### [Exercise aim]
Everything from the line that has "Kolblei 25, Tiel" to the last line of the listing must be repeated exactly, and nothing more; omit the pictures.

### [Source material]
»»

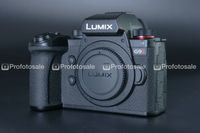 Фотоапарат Panasonic Lumix DC-G9 II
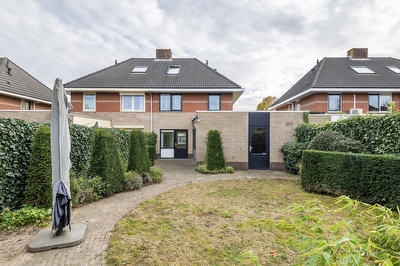 Kolblei 25, Tiel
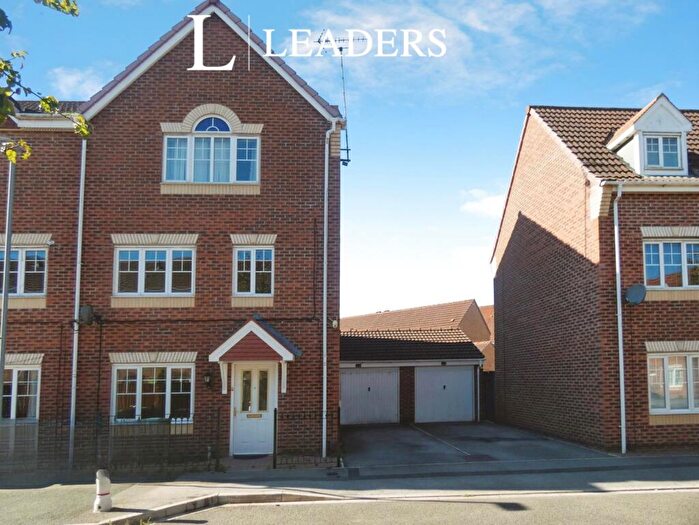 5 Bedroom Semi-Detached House To Rent In Cairngorm Drive, Mansfield, Nottinghamshire, NG18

««

### [Exercise output]
 Kolblei 25, Tiel
 5 Bedroom Semi-Detached House To Rent In Cairngorm Drive, Mansfield, Nottinghamshire, NG18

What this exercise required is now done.